When compared with the average monthly new-car loan payment, lease deals are still relatively tempting. According to the consumer-credit experts at Experian, in the first 3 months of 2016, the average monthly payment on a new-car lease — $406 — was still $97 per month less than $503, the average loan payment.
Simply stated: On average, leasing continues to take a smaller bite out of family monthly budgets than a new-car loan does. We don’t believe leasing makes the best long-term financial sense for most people, but if your main concern is getting into a new car with as low a monthly payment as possible, a 36-month lease will beat a 36-month car loan every time. In fact, the average monthly payments listed above are based on the average lease term of 36 months versus the average car-loan term of 68 months.
By Experian’s accounting, the average monthly payment on new-car loans increased by $15 from the first quarter of 2015 to the first quarter of 2016, while the average lease payment jumped by just $1. A big shift upward in used-car inventories, however, could force an increase in lease payments during the remainder of 2016.

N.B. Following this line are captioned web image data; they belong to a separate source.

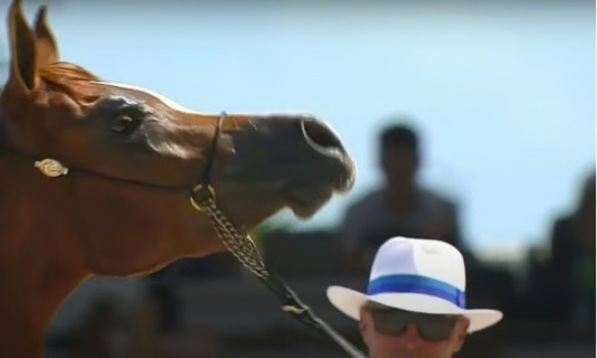 Arabian Horse Shows: Art, Beauty and Tradition in Competition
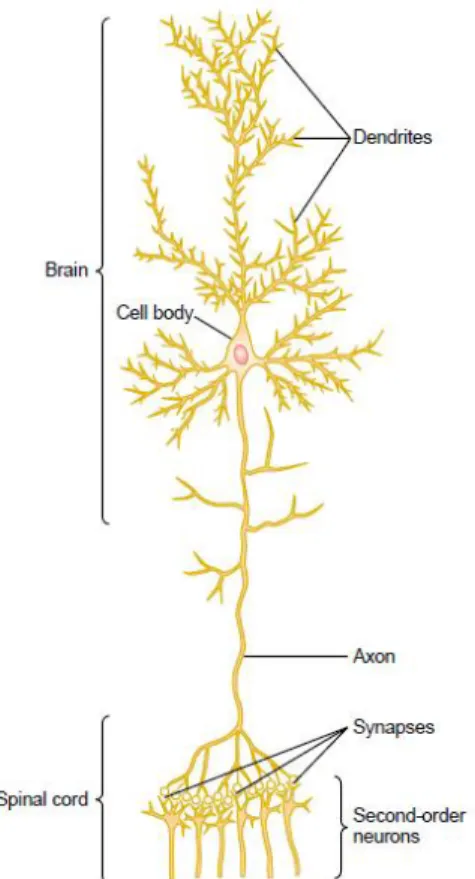 Figure 1 : Structure of a large neuron in the brain, showing its important functional parts.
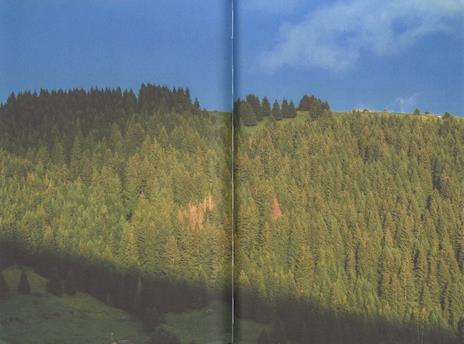 Alberi sapienti antiche foreste. Come guardare, ascoltare e avere cura del bosco. Con ebook - Daniele Zovi - 5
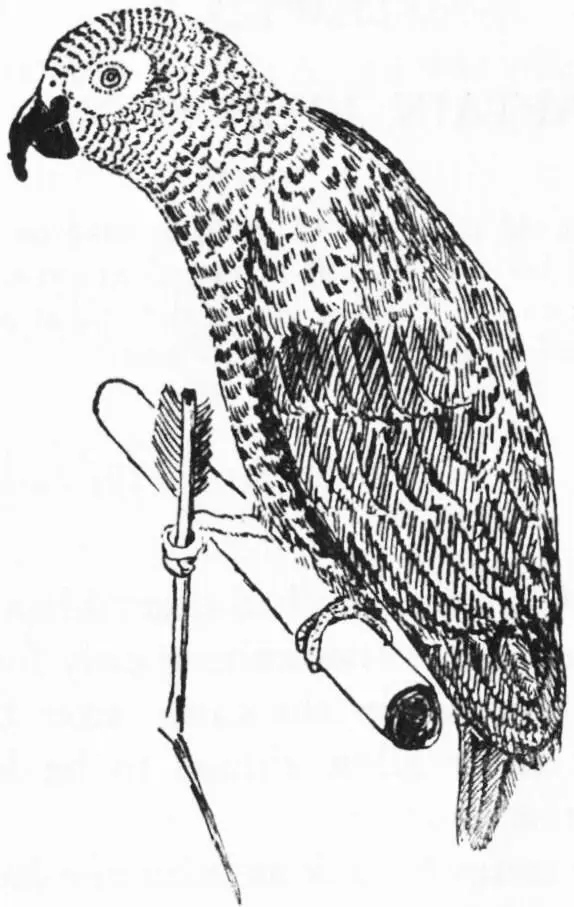 Chapter V Captain John Hangs On Table of Contents The old man said I mean - фото 64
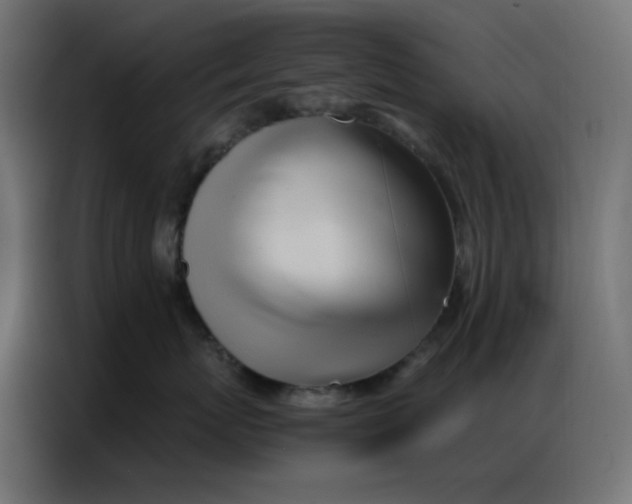 X0000086740767200705041407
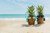 Jual Poster Pineapples Sea Glasses Headphones Beach Sand 1Z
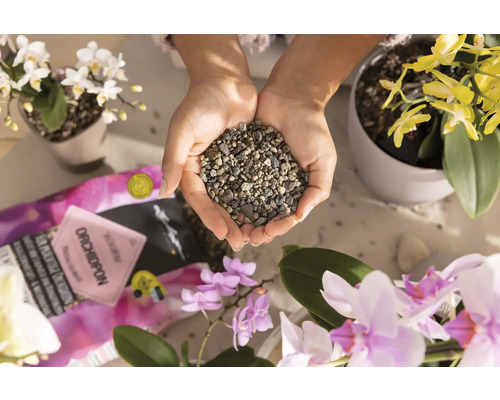 Lechuza Orchidpon plantsubstraat 3 liter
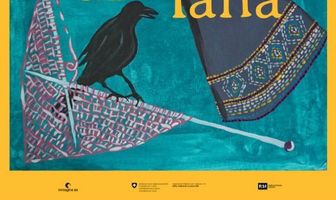 La farfalla di lana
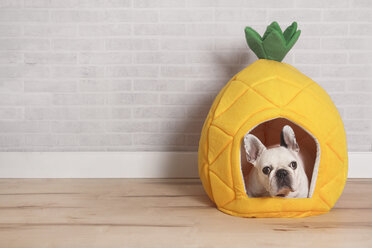 Französische Bulldogge, die in ihrem Bett in Form einer Ananas liegt - RTBF000182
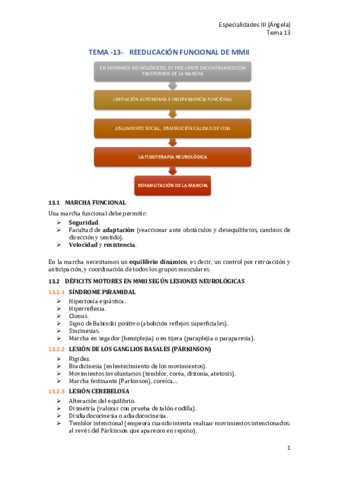 T13-Reeducacion-funcional-de-MMII.pdf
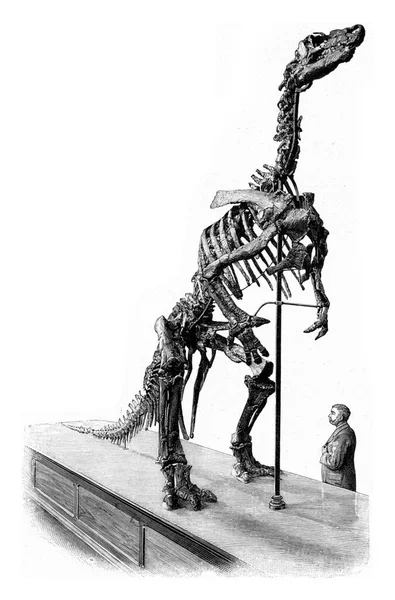 Szkielet Iguanodona Bernissart Grawerowana Ilustracja Rocznika Wszechświat Ludzkość 1910 — Zdjęcie stockowe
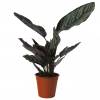 Calathea, feuillage vert stri rose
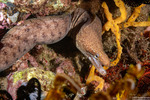 Anguilliformes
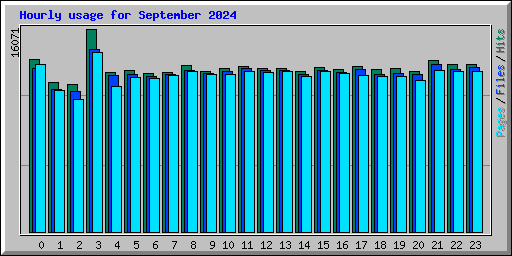 Hourly usage for September 2024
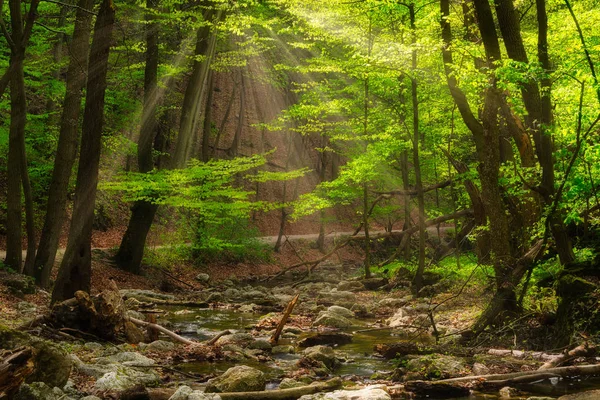 Flowing stream in the beautiful green forest — Stock Photo, Image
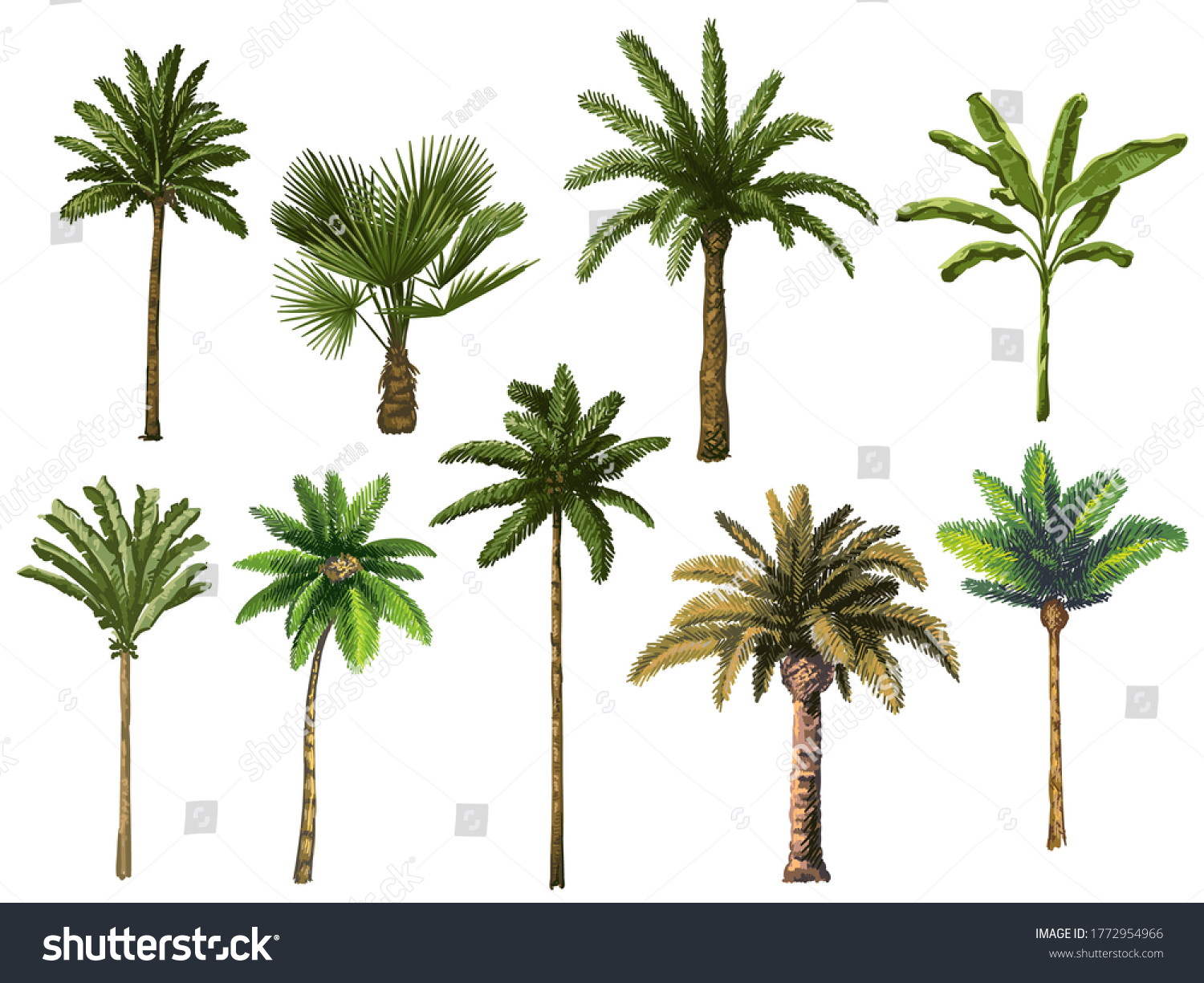 Colourful Hand Drawn Palm Tree Retro Stock Illustration 1772954966 Shutterstock 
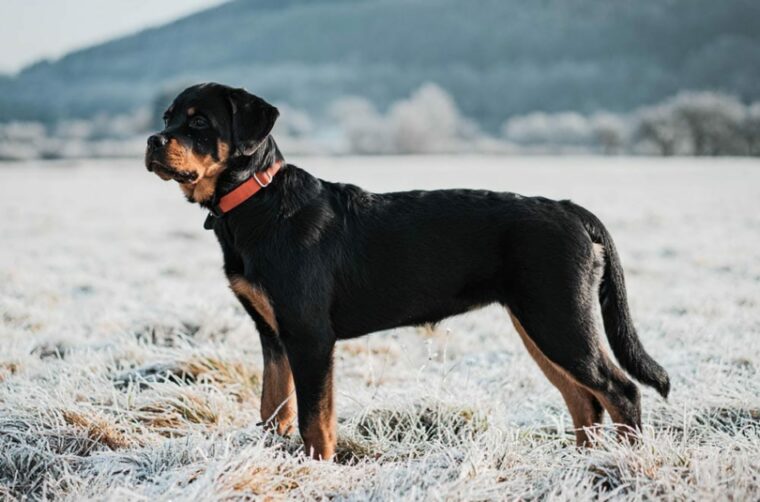 rottweiler dog outdoors with a red collar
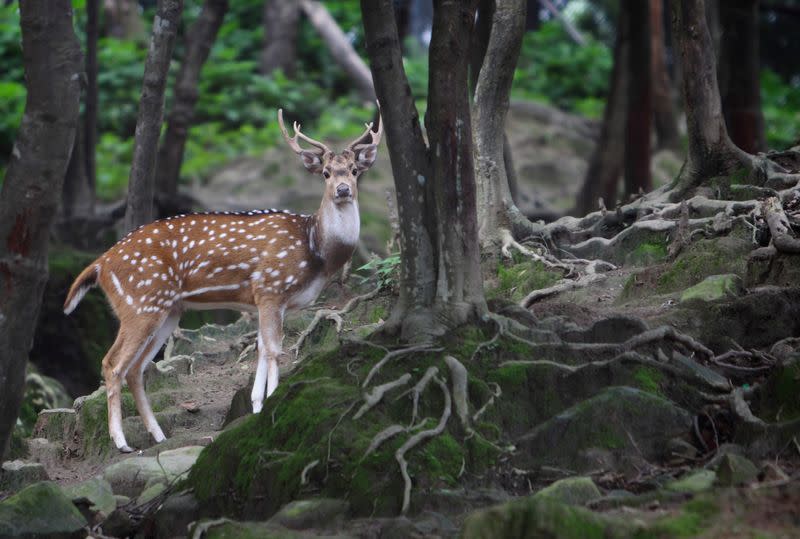 A spotted deer is seen inside a deer park in the premises of Pashupatinath Temple in Kathmandu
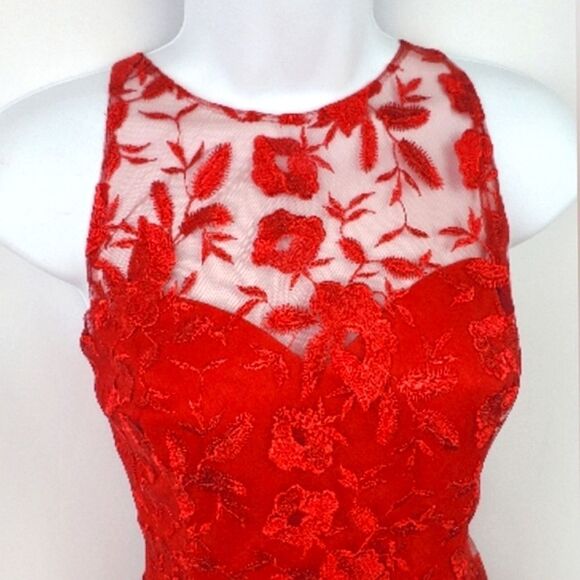 DB Studio Red Floral Lace Dress - Picture 1 of 8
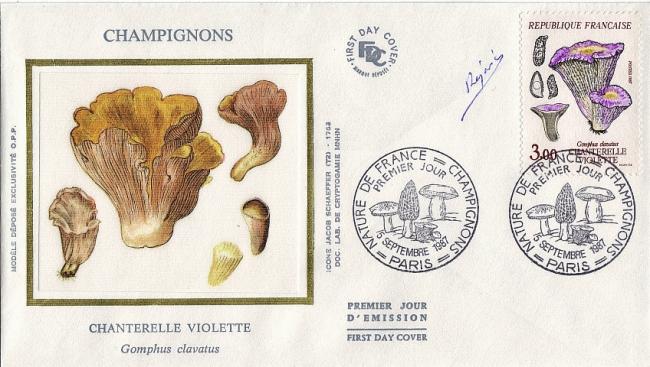 11 2489 05 09 1987 chanterelle violette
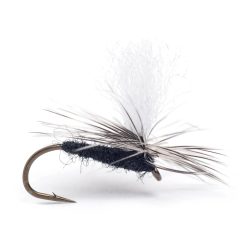 Guideline Rena Midge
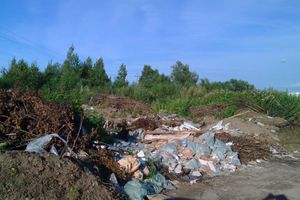 В Великих Луках, на берегу Лазавицы, сваливают кресты, венки и мебель (ФОТО)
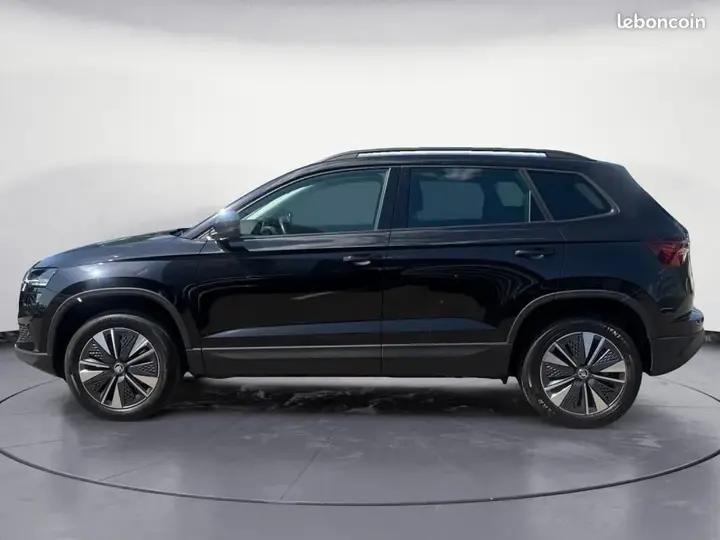 Skoda Karoq 2024 photo 3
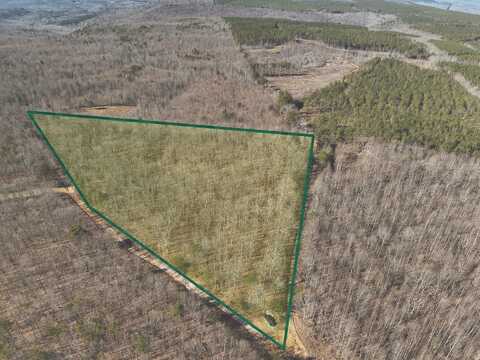 0 Palmer Fire Tower Road, Palmer, TN 37365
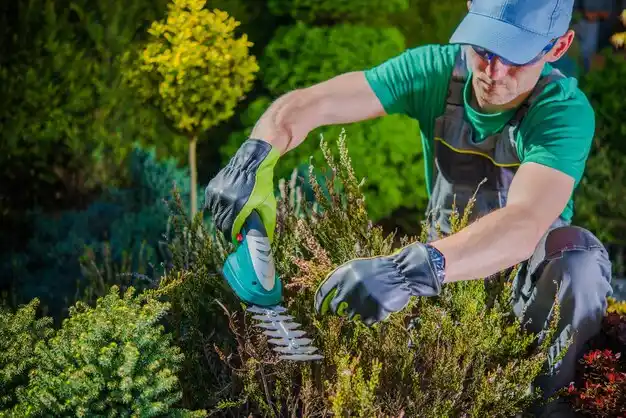 landscaping services Webberville
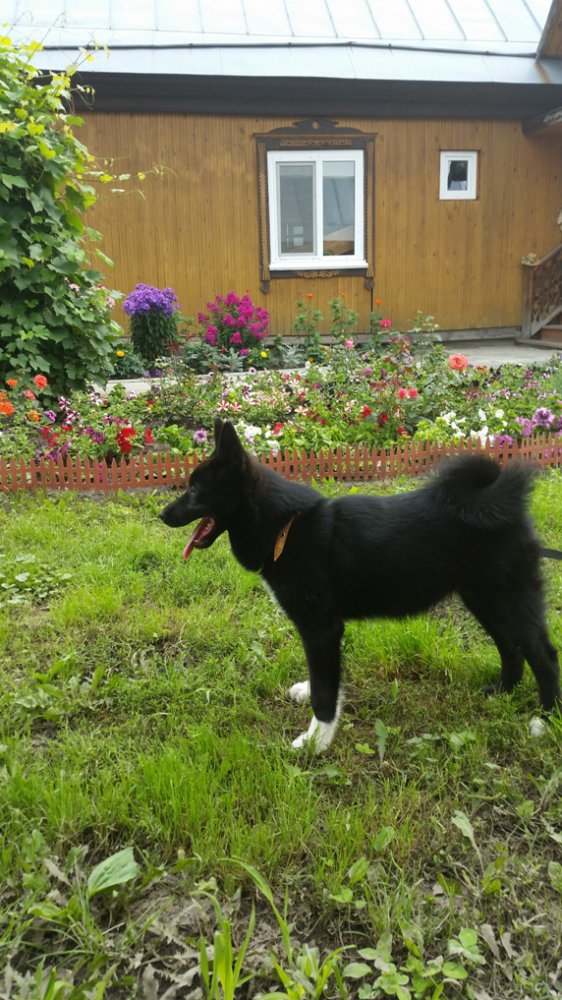 фото ШТОРМа - В.Неяскин Тальменка.jpg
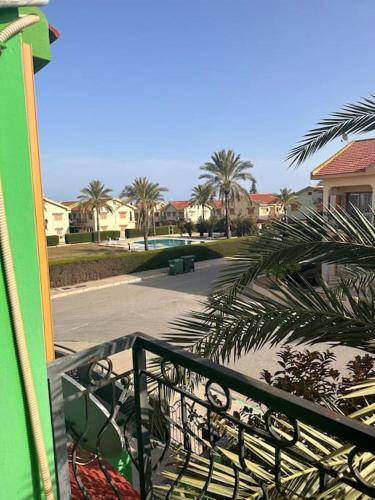 The Green House The Green House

Determining Leasing Payments
Leasing is a form of renting. When you lease a car, you’re basically financing only the value that the vehicle will lose (or, depreciation) during the lease contract. If you lease a car for 3 years and it’s expected to depreciate $7,000 during that period, your 36 monthly payments will be based on that $7,000, plus interest and whatever fees are also involved. Depreciation is closely tied to used-car prices. As used-car prices increase, new cars will depreciate less; falling used-car prices increase the estimated depreciation of new cars.
Why Used-Car Inventories Are Increasing
When the economy took a dive in 2008, new-car sales plummeted, and leasing all but disappeared. Trade-ins and vehicles coming off lease are the source for nearly all used cars. As new-car sales decreased, so did the inventory of used cars. Add to this the government’s Car Allowance Rebate System (better known as “cash for clunkers”) program that removed another estimated 690,000 used cars from inventory, and used-car availability was bound to shrink.
According to the experts at NADA Used Car Guide, the impact of the recession reduced the supply of used cars by 20 million units. During recent years, however, new-car sales have not just returned to pre-2008 levels, but actually exceeded them. Leasing has also bounced back from just over 13 percent of new-car sales during the depths of the recession to nearly 32 percent in 2016.
The first big batch of vehicles coming off 36-month lease contracts since the recession is flooding the used-car market this year. These, in addition to all the trade-ins resulting from the huge new-car sales volume the past couple of years, have used-car lots crammed with cars.
Why Used-Car Inventories Matter
Supply and demand drive a free market economy. When there is more demand than supply, prices go up; when there is more supply than demand, prices go down. More supply means lower average used-car prices. If there are more 3-year-old Toyota Camrys this year than there were 3-year-old Camrys last year while the demand for 3-year-old Camrys remains the same, they will fetch less this year than last.
The Bottom Line
NADA expects new-car sales to remain strong through the remainder of the year. This will keep the flow of trade-ins coming. Combined with the flood of off-lease cars, this will cause used-car prices to decrease between 5 percent and 6 percent in 2016. Such a decrease will have a ripple effect of increasing the predicted depreciation of new cars by about 3.5 percent. This increase in depreciation will be reflected in higher monthly payments for leases.
What it means to you: Lease deals will be more difficult to find. If you’re going to lease a car, do it sooner rather than later.